デタントの拒否
出典: フリー百科事典『ウィキペディア(Wikipedia)』 (2022/03/21 06:49 UTC 版)
「アメリカ合衆国の歴史 (1980-1991)」の記事における「デタントの拒否」の解説
1970年代はアメリカの自信を揺るがせた時代だった。ベトナム戦争とウォーターゲート事件は大統領への信頼感を損なった。1975年に南ベトナムが陥落し、1979年のイランアメリカ大使館人質事件は長引き、ソビエトによるアフガニスタン侵攻、国際テロの増加、および軍拡競争の拡大という国際的な憤懣のタネが続き、国際問題に対処する国の能力に疑問を生じさせた。国内ではエネルギー危機、高い失業率、急速なインフレと金利の上昇で経済計画を困難なものにし、アメリカの将来的な繁栄について基本的な疑問を投げかけることになった。 1979年にカーターが行った「自信の危機演説」でキーとなった言葉であるアメリカの「マレーズ」(無力感を引き起こすもの)は1970年代末と1980年代初期では根拠の無いものだった。ソビエト連邦はレオニード・ブレジネフの指導下で都市労働者の賃金を2倍にし、田園部労働者の賃金も約75%上げ、数百万戸の家族用アパートを建設し、大量の消費財と家庭電化製品を生産することで生活水準を改善した。ソビエト連邦の工業生産高は75%上昇し、石油と鉄鋼については世界最大の生産国になった。これにも拘らず、ブレジネフ政権後期のソビエト連邦は経済と政治の沈滞を経験していた。 海外で歴史の潮流はソビエト連邦有利に変わりつつあった。アメリカ合衆国が不況になりベトナムでは泥沼にはまり込んでいる一方で、特に第三世界の親ソビエト政権は大きく前進していた。アメリカ合衆国は北ベトナム軍がサイゴンを陥落させることを阻止できず、共産主義政府の下で独立ベトナムの統一を許すことになった。モスクワの後ろ盾を受けた共産主義運動が急速にアフリカ、東南アジアおよびラテンアメリカに広がっていた。ソビエト連邦はブレジネフ・ドクトリンに従ってアフガニスタンに派兵した。
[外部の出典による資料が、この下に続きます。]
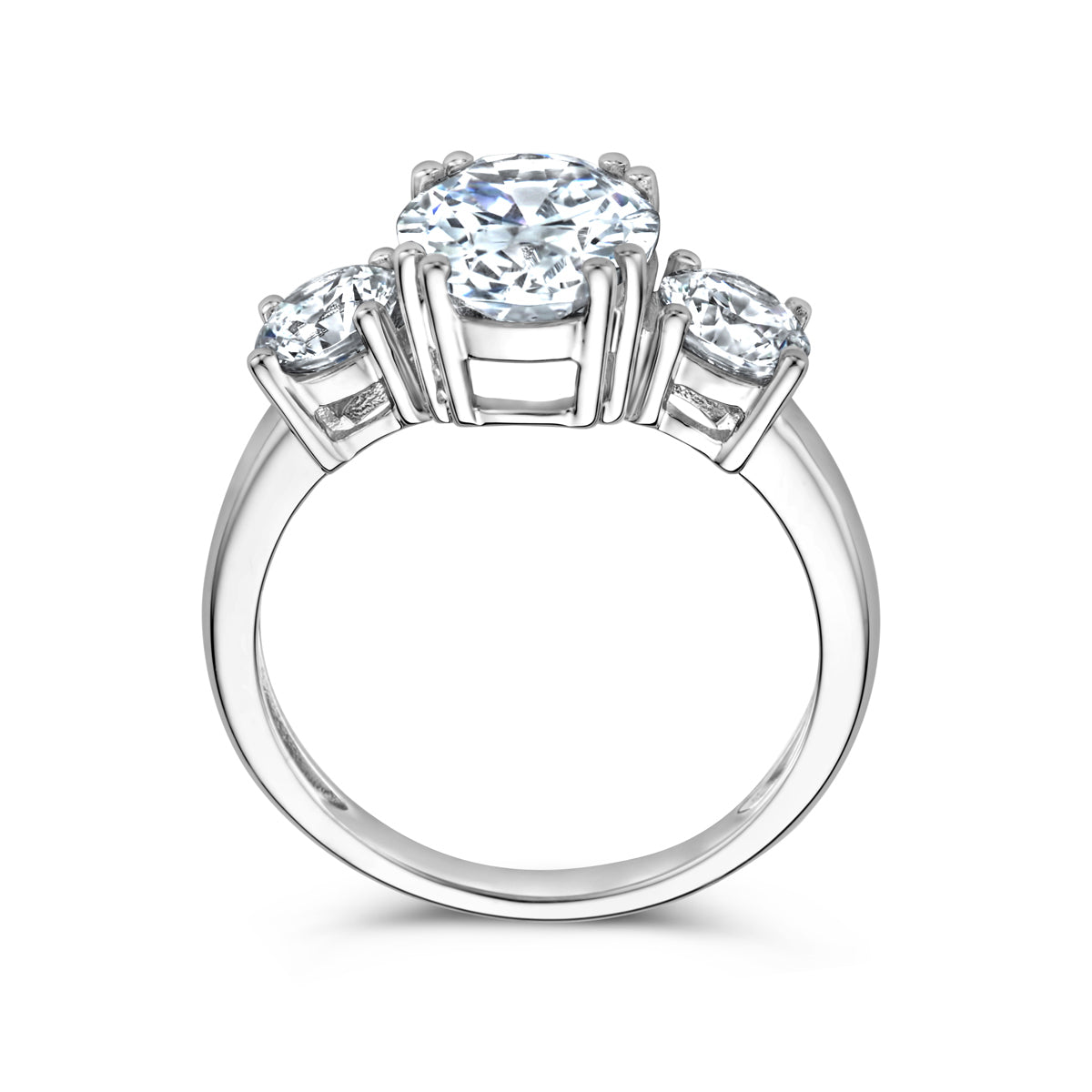 vDam Ring Trilogie Zirkonia Zilver Gerhodineerd 1336633 Maat 17¾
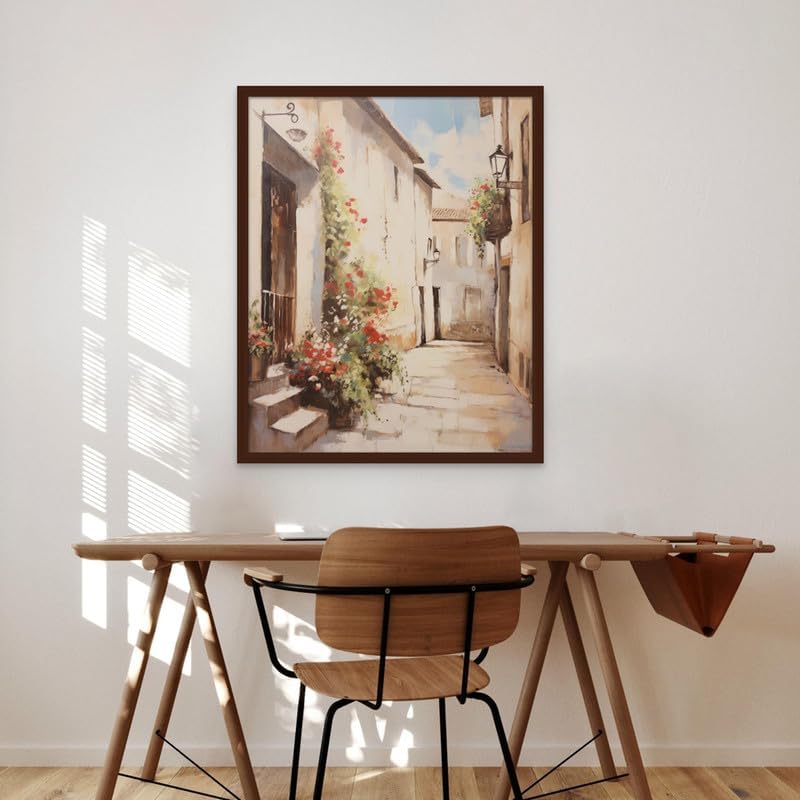 Art Decor French Countryside Style Alleyway Fine Art with Beige Flowers Framed Wall Art Traditional Design Art for Living Room Bedroom Office Home Decoration Gifting 60x80cm - Image 3
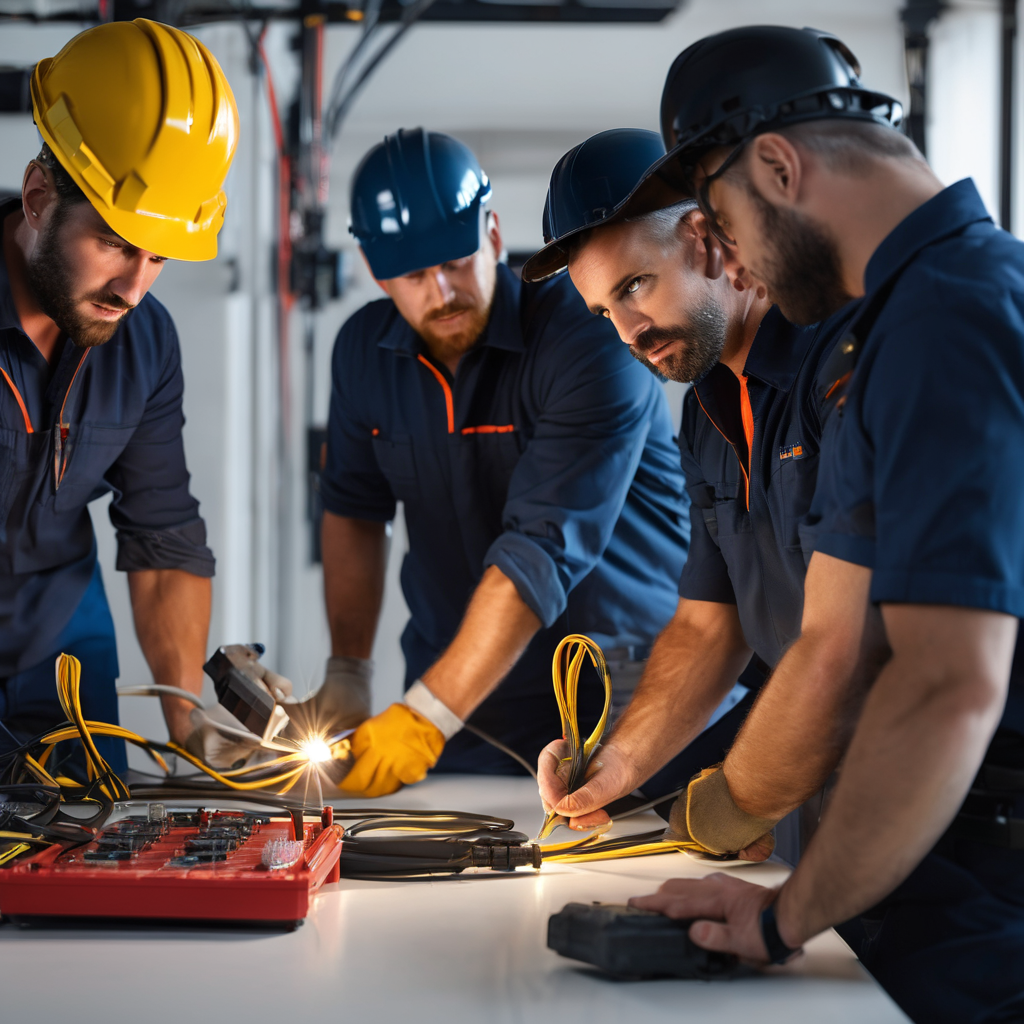 Professional team of electricians collaborating on residential service installation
1979年のアフガニスタン侵攻は、NATOに対抗する東側のワルシャワ条約機構が始まって以来、その範囲外に軍隊を派遣した初めての機会となった。 アメリカが海外でも国内でも力を落としていると認識されたことに対して、「新保守主義」あるいは「ネオコンサバティズム」と呼ばれる、依然としてその多くは民主党員だった学界、ジャーナリスト、政治家および政策立案者の集団が1970年代(特に1972年ジョージ・マクガヴァンを大統領候補に指名した後)の防衛問題において民主党が左傾化したことに反逆し、国の国際政治姿勢が弱まったことについてリベラル派民主党員を糾弾もした。多くの者は民主党のヘンリー・"スクープ"・ジャクソン上院議員の周りに集まったが、後には親ソビエト共産主義勢力の拡大に対決することを約束したロナルド・レーガンおよび共和党と戦線を組んだ。 その主たる標的は共産主義の後退というよりも封じ込めという昔の政策だった。交渉、外交および武器制限を通じた和平が目指されたソビエト連邦との「デタント」(雪融け)が直接の標的となった。 ノーマン・ポドレツに指導されたネオコンサバティズムは、ネヴィル・チェンバレンがミュンヘンで交渉したことの謂いである「宥和政策」として冷戦における伝統的外交政策を攻撃した。彼等はアメリカ合衆国に比較的弱い敵に対する譲歩を「悪」の「宥和」であると見なし、「デタント」を攻撃して、ソビエト連邦を最恵国待遇とすることに反対し、第三世界におけるアメリカの一方的な介入を国際事情に関するアメリカの影響力を高める手段として支持した。レーガンが当選する以前に、ネオコンサバティズムは影響力を持ち、ベトナムにおける敗北やその結果として起こった東南アジアでの大きな犠牲によって生じた反戦感情を止めようとした。 1970年代、政治学者で後のレーガン政権では国連アメリカ大使になったジーン・カークパトリックが民主党への批判を強めていった。カークパトリックは以前のリベラル民主党派からネオコンサバティズムの概念に考え方を変えた。民主主義を受け容れることのできると考えられ、アメリカ合衆国の同盟者ではない権威主義独裁主義者と、頑固に変化を受け容れられないと見なす共産主義的かつ全体主義的独裁者の違いを示した。